Character driven stories are the center of RPGs. The game referee, often
called the Game Master (GM) or Storyteller depending upon which game
you’re playing, and players will
decide what setting they’re going to play in. This might be a standard
“swords and sorcery” fantasy setting, a futuristic Sci-fi setting or even a
retro-future scene with ray guns and rocketmen, gothic horror, cartoon
drama, manga, and so on –there’s really no limit to what a creative group
can come up with.

The GM works on a basic storyline and will describe what the PCs see and
hear as well as play the NonPlayer Characters in the story. Players create
appropriate Player Characters according to the game system being used.
Soon the story
begins to unfold as shaped by the participation of everyone involved.
There’s something truly magical about a group of friends getting together
to create a story just for the sake of

What about the rumors of people going crazy from playing these games? If
there’s already something wrong with a person then they’re going to get
into trouble sooner or later, that’s just how it is. If you can’t distinguish
between the reality of your everyday life, and a game played on a table top
than you really do need help, and I’ll venture to guess that if you didn’t
have a game to focus your attention on than you’d be exploring psychotic
fantasies with some other medium. When you walk by a group of people
talking about the amazing game they played the night before and you hear
something like, “-so then the troll came after me, but I jumped off the
building and turned into a bird and flew away!” well, ok, these folks might
sound a bit unbalanced, I’ll give you that...BUT It’s important to note that a
lot of maladjusted kids benefit in immeasurable ways from RPGs. Many
schools have used different RPG techniques in the classroom to help
students learn to think about problem solving in different ways. Whatever
genre you’re playing in, you have to find ways to solve the problems you’re
faced with using only what you’re character knows or has access to. These
kids develop
critical reasoning skills, learn to communicate and cooperate with others,
pick up some practical math, and often become inspired to study real world
history and politics to learn how
things work and might make for good story elements in their games. Once
the creative juices are flowing they often find themselves writing and
drawing and creating all kinds of things that were jump-started by playing a
game that just said “what if”. Those are two of the most powerful words you’
ll ever know, and they are the core of RPGs: “What if?”.

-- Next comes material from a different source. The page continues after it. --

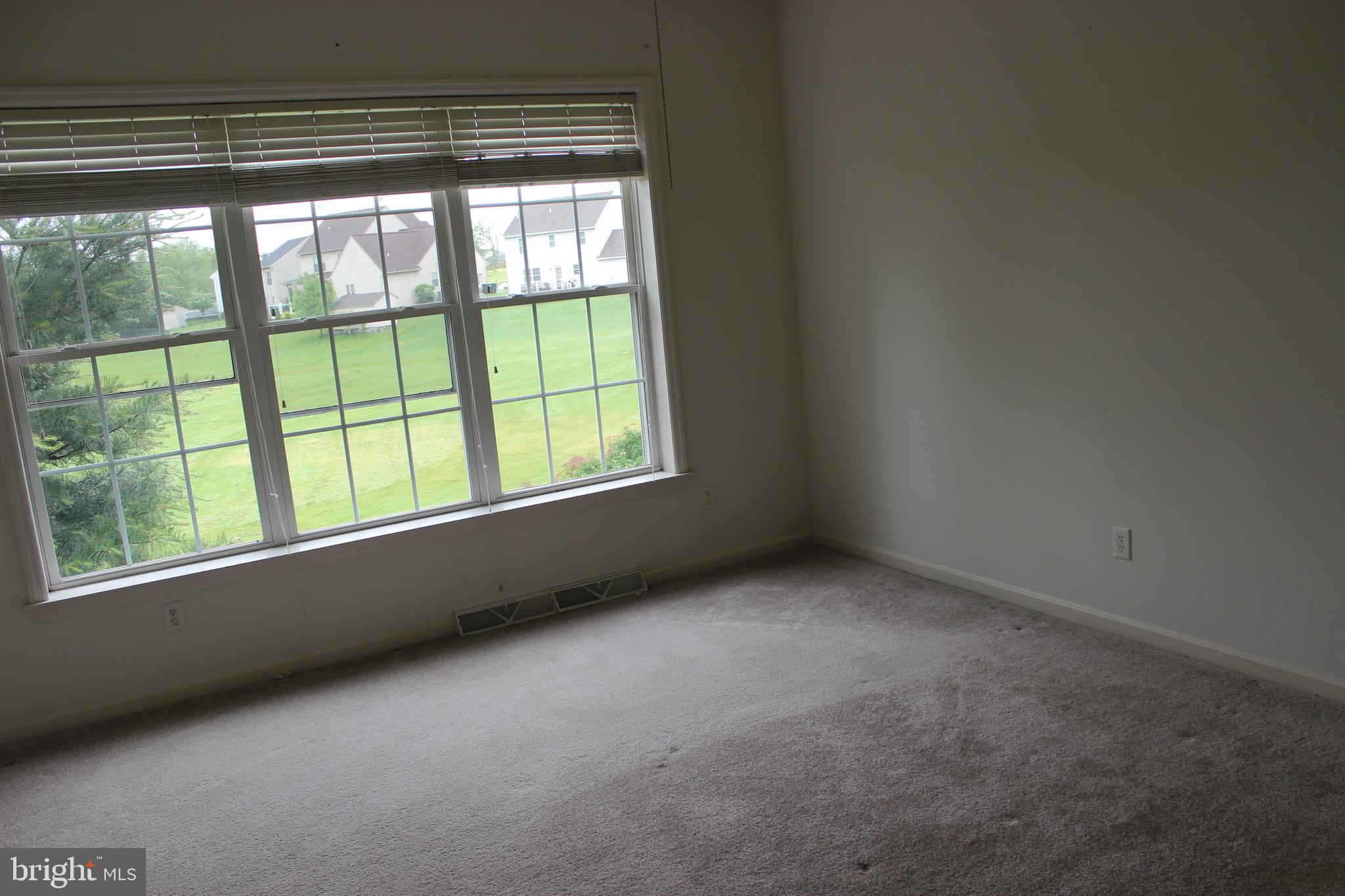 LINCOLNS MEADOW - Residential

What makes a role playing game a role playing game? The answer is: role
playing. Classic RPGs are played with paper and pencils and usually some
kind of dice, but what sets them
apart from most computer games and Collectible Card Games (CCGs) is
the real role playing component.

Many computer games allow players to customize certain details (from a
pre-programmed selection) and CCGs encourage you to use strategy as
you stack the deck in your favor, but the story of the game won’t be
influenced by a character’s odious personal habits, the fact that they
collect ceramic figures, or their claustrophobia, or any of the other details
that come in really developing a character. A role playing game needs
players to role play. PCs' special
quirks and insights change the story and save the day –or ruin it, which
might end up being more fun if it’s played well!

So how did RPGs come to be? RPGs have their heritage in Classic War
Gaming, picture a bunch of military strategists pushing armies of lead
figures around re-enacting historical
battles. In 1974,  Gary Gygax worked out a set of rules where you could
play the role of a single warrior. Dave Arneson had the idea that you
should be able to play fantasy characters and that these characters should
be able to grow and develop as you play.  The merger of these two ideas
was a VERY detailed, and convoluted rule system that pioneered the idea
of playing a single character in a fantasy setting.

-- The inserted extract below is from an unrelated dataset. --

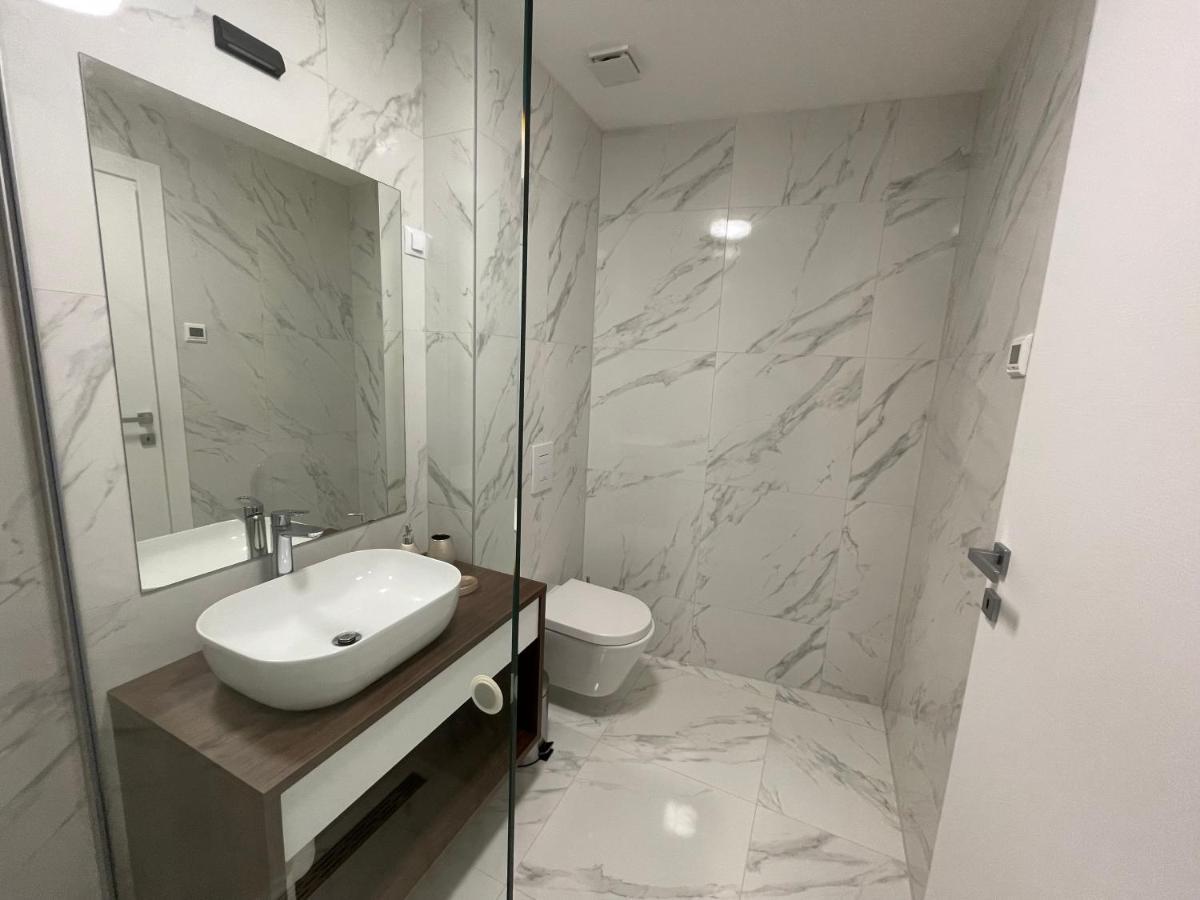 קרק Lux Nanea Apartment מראה חיצוני תמונה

Dungeons & Dragons (D&D) was the first Role Playing game and is still
around today although it's been greatly streamlined since its first
publication. They had the biggest budget to get their product out there and
this is the game most people think of first when they think of RPGs. The
downside of D&D is that it has a long-standing history of publishing material
slightly before the bugs are all worked out, with the expectation that players
will buy new hardcover books every time a few details are revised.

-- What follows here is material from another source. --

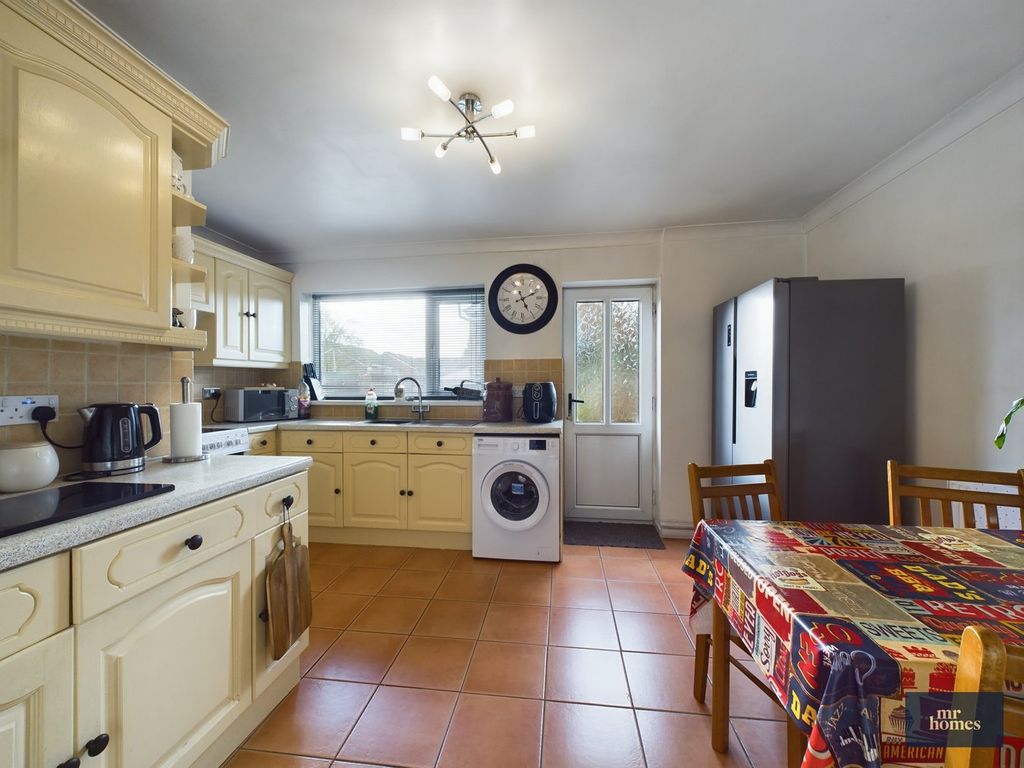 Property photo 3 of 33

The great thing about RPGs though is that they encourage people to draw
from their own imaginations to create their own adventures. Once you have
the basic game system, you
really don't need to keep buying every little product because you should be
able to make up your own adventures.

Ken St. Andre spent a few hours reading the D&D rules before putting the
book down saying there’s got to be an easier, better way to do this! His
answer was “Tunnels & Trolls” (T&T). This is the second oldest RPG
system. It pioneered the idea of Attribute based checks that are fairly
standard today, as well as the “solo adventure” structure which inspired the
basic framework of the “Choose Your Own Adventure, and Pick-A-Path
books (although these spin-offs lack the role playing element). The T&T
solo adventures are still popular today and great when you need your fix of
fantasy gaming but don’t have a group to get a game going. T&T has been
described as "the buckets of dice" system because you roll a whole lot of
dice as you play, but there's something very satisfying about throwing a
handful of dice at the things attacking you..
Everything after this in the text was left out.